Learning #3: Agile is not just for software development but also for AI systems with ML models at its core. It will help in identifying any additional pre-processing steps required or to identify corner conditions early on.

d) MLOps for Scale:

Managing multiple models, built by varied teams is a huge challenge. Traditionally, the effort to bring all data from different sources has been handled by IT teams. While the data scientists have been aligned more with the business functions, understanding the impact areas, and building predictive models to improve the process.
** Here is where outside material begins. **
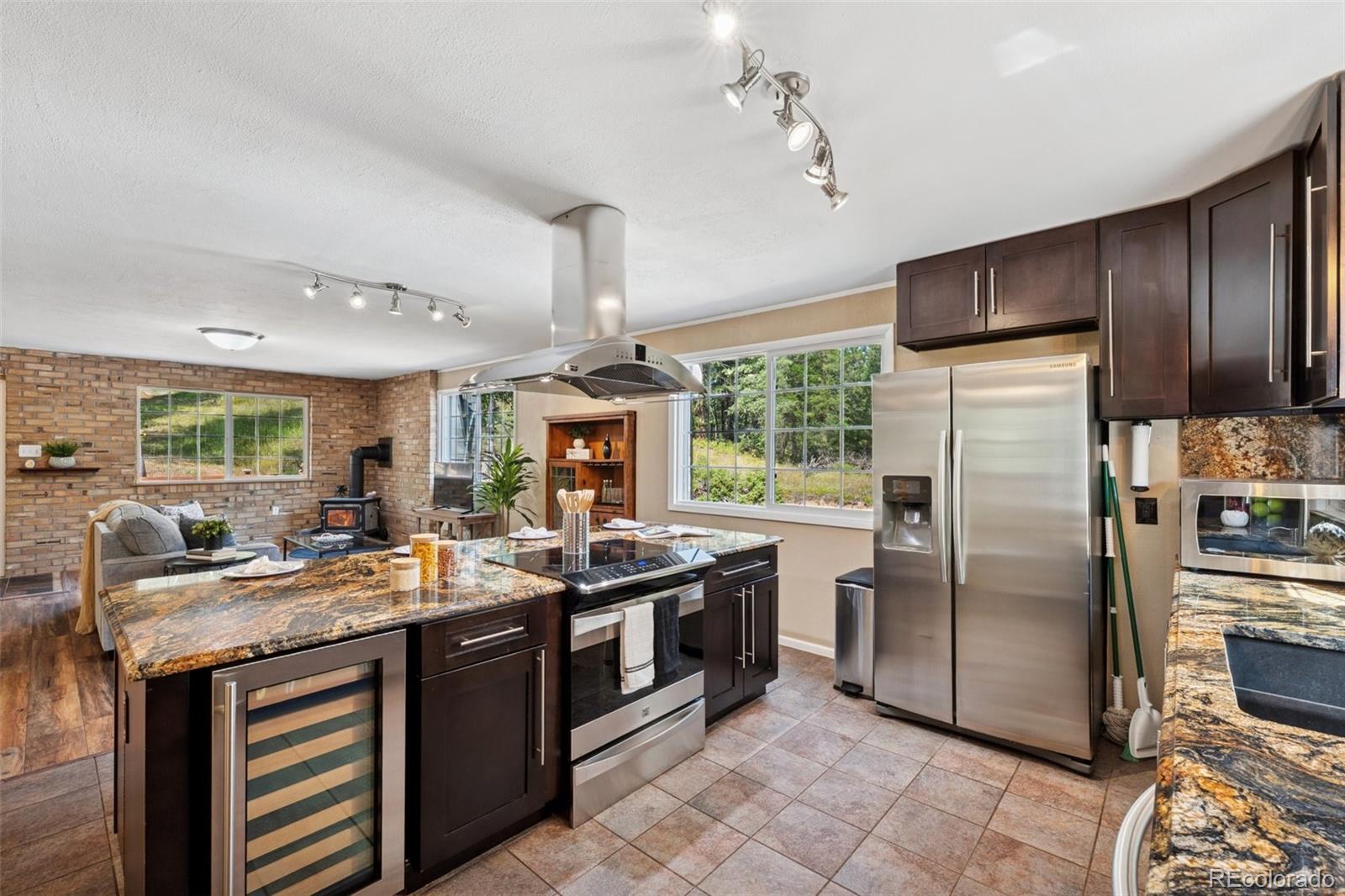 Upper Bear Creek Evergreen Home | MLS #: 9461132264  Whiskey Jay Hill Road, Evergreen Beds: 3 Baths: 2 Price: $850,000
While in the ideal world the handshake between data scientists and IT teams would be seamless, the reality is that the data scientists, coming from a research background, understand little about the vast technology world and vice versa.

As a result, the models that showed the great value in respective processes fail to generate value for the organization. A classic example of a failed rule of the whole is greater than the sum of parts! To build an enterprise AI strategy, it is important to adopt MLOps. Integrating Data pipelines from IT to implementing CI/CD through the IT ops team, is needed –learning from the introduction of DevOps

Learning #4: Implement MLOps to bring all the pieces together and reap larger organization-wide value from AI projects.

While certainly, AI is maturing at a very fast pace, the pace itself can throw up many different challenges. Some of these challenges may be more complex than what we have seen in the past, but I do believe that many of them, can be pro-actively addressed, with experience. Keen to know if there are, indeed, more learnings from Software Development history, that can be applied to help scale AI in a trusted manner.